Provided material START

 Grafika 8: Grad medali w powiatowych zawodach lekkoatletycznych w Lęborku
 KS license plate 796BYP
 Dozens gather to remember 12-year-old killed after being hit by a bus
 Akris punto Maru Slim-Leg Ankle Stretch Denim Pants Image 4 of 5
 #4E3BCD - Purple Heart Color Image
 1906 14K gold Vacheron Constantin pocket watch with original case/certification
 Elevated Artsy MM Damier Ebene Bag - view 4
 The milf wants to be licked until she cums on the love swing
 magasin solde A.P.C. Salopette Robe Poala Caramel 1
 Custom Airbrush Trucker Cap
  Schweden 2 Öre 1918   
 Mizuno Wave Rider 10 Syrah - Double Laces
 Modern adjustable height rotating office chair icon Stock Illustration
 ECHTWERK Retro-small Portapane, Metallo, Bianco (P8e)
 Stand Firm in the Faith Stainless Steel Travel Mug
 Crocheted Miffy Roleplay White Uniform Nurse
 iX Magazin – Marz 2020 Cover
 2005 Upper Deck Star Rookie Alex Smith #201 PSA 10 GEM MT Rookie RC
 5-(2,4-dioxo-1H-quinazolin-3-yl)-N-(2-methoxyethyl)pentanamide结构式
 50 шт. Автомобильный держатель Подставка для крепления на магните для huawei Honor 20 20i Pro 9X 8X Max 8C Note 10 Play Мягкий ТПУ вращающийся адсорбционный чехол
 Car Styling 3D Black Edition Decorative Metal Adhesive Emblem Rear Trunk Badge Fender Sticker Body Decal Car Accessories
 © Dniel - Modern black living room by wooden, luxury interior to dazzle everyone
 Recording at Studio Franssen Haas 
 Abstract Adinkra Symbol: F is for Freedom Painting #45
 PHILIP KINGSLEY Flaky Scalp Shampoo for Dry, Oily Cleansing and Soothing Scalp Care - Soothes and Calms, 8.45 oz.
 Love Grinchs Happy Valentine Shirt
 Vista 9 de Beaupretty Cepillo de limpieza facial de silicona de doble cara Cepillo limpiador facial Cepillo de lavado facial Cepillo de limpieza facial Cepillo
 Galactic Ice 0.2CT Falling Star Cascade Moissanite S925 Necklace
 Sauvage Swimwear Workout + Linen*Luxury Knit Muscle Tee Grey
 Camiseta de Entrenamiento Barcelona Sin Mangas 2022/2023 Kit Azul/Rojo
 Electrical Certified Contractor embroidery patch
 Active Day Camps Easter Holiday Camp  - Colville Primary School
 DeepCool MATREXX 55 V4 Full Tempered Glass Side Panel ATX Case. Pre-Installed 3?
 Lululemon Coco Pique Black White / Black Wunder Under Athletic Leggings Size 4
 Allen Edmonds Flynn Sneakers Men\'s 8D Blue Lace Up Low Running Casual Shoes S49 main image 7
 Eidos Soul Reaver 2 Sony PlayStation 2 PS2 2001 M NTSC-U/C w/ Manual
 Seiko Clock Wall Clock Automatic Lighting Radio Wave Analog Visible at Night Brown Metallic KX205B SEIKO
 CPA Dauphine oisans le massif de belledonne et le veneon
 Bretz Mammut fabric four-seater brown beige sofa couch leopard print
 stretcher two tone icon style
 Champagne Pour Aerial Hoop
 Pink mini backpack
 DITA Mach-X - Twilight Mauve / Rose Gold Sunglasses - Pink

Provided material END

◆ **Work required**
Make an exact copy of the listing, including every line.

◆ **Response to this exercise**
 Grafika 8: Grad medali w powiatowych zawodach lekkoatletycznych w Lęborku
 KS license plate 796BYP
 Dozens gather to remember 12-year-old killed after being hit by a bus
 Akris punto Maru Slim-Leg Ankle Stretch Denim Pants Image 4 of 5
 #4E3BCD - Purple Heart Color Image
 1906 14K gold Vacheron Constantin pocket watch with original case/certification
 Elevated Artsy MM Damier Ebene Bag - view 4
 The milf wants to be licked until she cums on the love swing
 magasin solde A.P.C. Salopette Robe Poala Caramel 1
 Custom Airbrush Trucker Cap
  Schweden 2 Öre 1918   
 Mizuno Wave Rider 10 Syrah - Double Laces
 Modern adjustable height rotating office chair icon Stock Illustration
 ECHTWERK Retro-small Portapane, Metallo, Bianco (P8e)
 Stand Firm in the Faith Stainless Steel Travel Mug
 Crocheted Miffy Roleplay White Uniform Nurse
 iX Magazin – Marz 2020 Cover
 2005 Upper Deck Star Rookie Alex Smith #201 PSA 10 GEM MT Rookie RC
 5-(2,4-dioxo-1H-quinazolin-3-yl)-N-(2-methoxyethyl)pentanamide结构式
 50 шт. Автомобильный держатель Подставка для крепления на магните для huawei Honor 20 20i Pro 9X 8X Max 8C Note 10 Play Мягкий ТПУ вращающийся адсорбционный чехол
 Car Styling 3D Black Edition Decorative Metal Adhesive Emblem Rear Trunk Badge Fender Sticker Body Decal Car Accessories
 © Dniel - Modern black living room by wooden, luxury interior to dazzle everyone
 Recording at Studio Franssen Haas 
 Abstract Adinkra Symbol: F is for Freedom Painting #45
 PHILIP KINGSLEY Flaky Scalp Shampoo for Dry, Oily Cleansing and Soothing Scalp Care - Soothes and Calms, 8.45 oz.
 Love Grinchs Happy Valentine Shirt
 Vista 9 de Beaupretty Cepillo de limpieza facial de silicona de doble cara Cepillo limpiador facial Cepillo de lavado facial Cepillo de limpieza facial Cepillo
 Galactic Ice 0.2CT Falling Star Cascade Moissanite S925 Necklace
 Sauvage Swimwear Workout + Linen*Luxury Knit Muscle Tee Grey
 Camiseta de Entrenamiento Barcelona Sin Mangas 2022/2023 Kit Azul/Rojo
 Electrical Certified Contractor embroidery patch
 Active Day Camps Easter Holiday Camp  - Colville Primary School
 DeepCool MATREXX 55 V4 Full Tempered Glass Side Panel ATX Case. Pre-Installed 3?
 Lululemon Coco Pique Black White / Black Wunder Under Athletic Leggings Size 4
 Allen Edmonds Flynn Sneakers Men\'s 8D Blue Lace Up Low Running Casual Shoes S49 main image 7
 Eidos Soul Reaver 2 Sony PlayStation 2 PS2 2001 M NTSC-U/C w/ Manual
 Seiko Clock Wall Clock Automatic Lighting Radio Wave Analog Visible at Night Brown Metallic KX205B SEIKO
 CPA Dauphine oisans le massif de belledonne et le veneon
 Bretz Mammut fabric four-seater brown beige sofa couch leopard print
 stretcher two tone icon style
 Champagne Pour Aerial Hoop
 Pink mini backpack
 DITA Mach-X - Twilight Mauve / Rose Gold Sunglasses - Pink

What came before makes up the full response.